DCL

This is the PyTorch implementation for 《Weakly Supervised Learning for Point Cloud Semantic Segmentation with Dual Teacher》.

This code and framework are implemented on PointNeXt.

Point cloud semantic segmentation has achieved considerable progress in the past decade. To alleviate expensive data annotation efforts, weakly supervised learning methods are preferable, and traditional approaches are typically based on siamese neural networks. To enhance the feature learning capability, in this work, we introduce a dual-teacher-guided contrastive learning framework for weakly supervised point cloud semantic segmentation. A dual-teacher framework can reduce sub-network coupling and facilitate feature learning. In addition, a cross-validation approach can filter out low-quality samples, and a pseudo-label correction module can improve the quality of pseudo-labels. Cleaned unlabeled data are used to construct contrastive loss based on the prototypes of each class, which further boost the segmentation performance.
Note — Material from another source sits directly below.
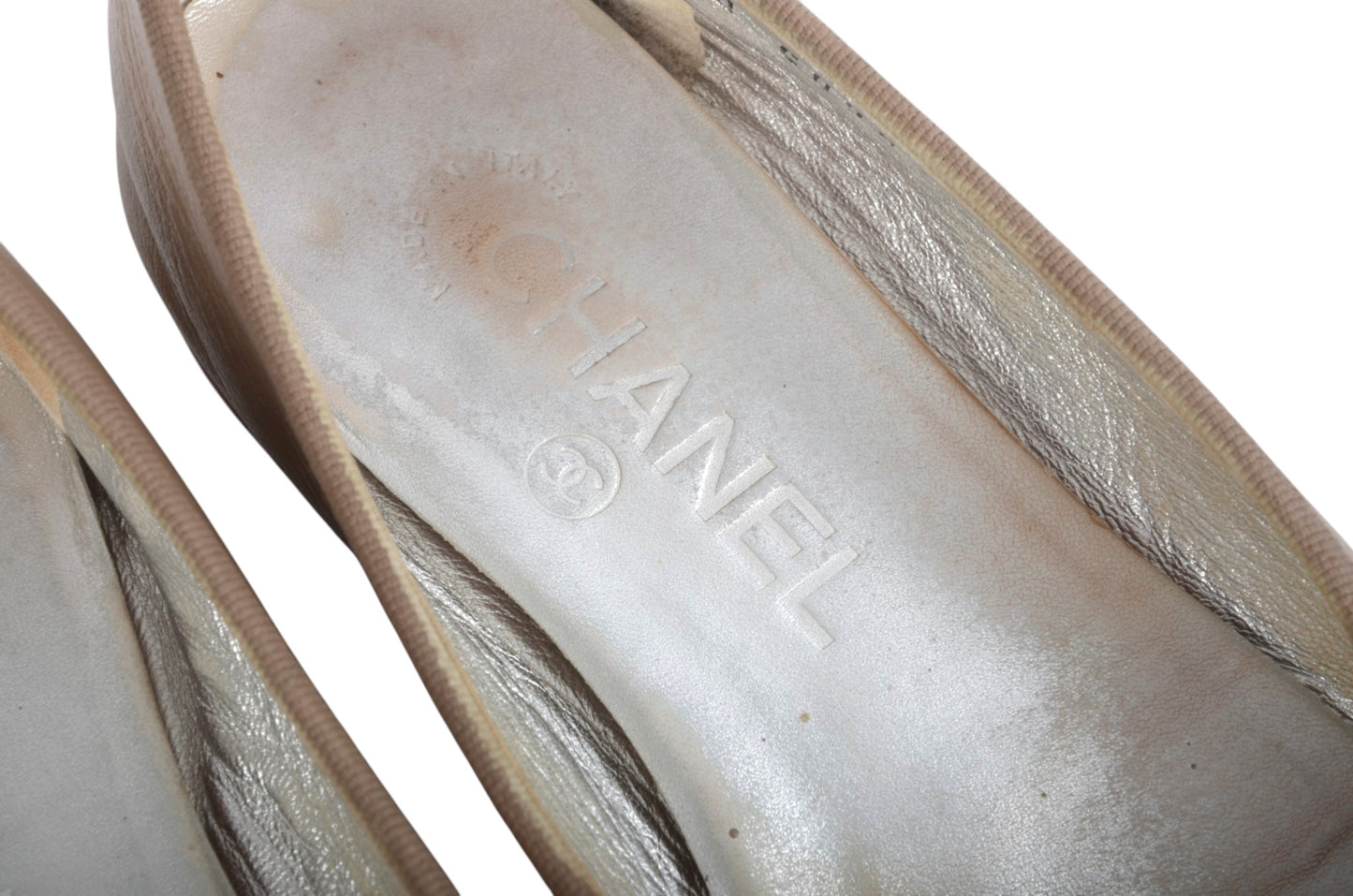 Chanel Ballet Flats Shoes Ballerina Ballet Flat Pumps Ribbon Leather Vintage Size 35,5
Extensive experimental results conducted on the S3DIS, ScanNet-v2, and SemanticKITTI datasets demonstrate that our proposed DCL outperforms state-of-the-art methods.

Environment and Datasets

This codebase was tested with the following environment configurations.

  • Ubuntu 22.04
  • Python 3.7
  • CUDA 11.3
  • Pytorch 1.10.1

Please refer to PointNeXt to install other required packages and download datasets.

Usage

  1. To accelerate and stabilize the training process, the first step is to train using only labeled data. After this step, the model is saved in the log folder.
run ./pre_supervised/pre_supervised.py
  1. Training all data based on pre_supervised model, and set the model folder path in cfg_s3dis.yaml file.
run ./DCL/main.py

Citation

@article{yao2023weakly,
  title={Weakly Supervised Learning for Point Cloud Semantic Segmentation with Dual Teacher},
  author={Yao, Baochen and Xiao, Hui and Zhuang, Jiayan and Peng, Chengbin},
  journal={IEEE Robotics and Automation Letters},
  year={2023},
  publisher={IEEE}
}

Acknowledgement

The code is built on PointNeXt. We thank the authors for sharing the codes.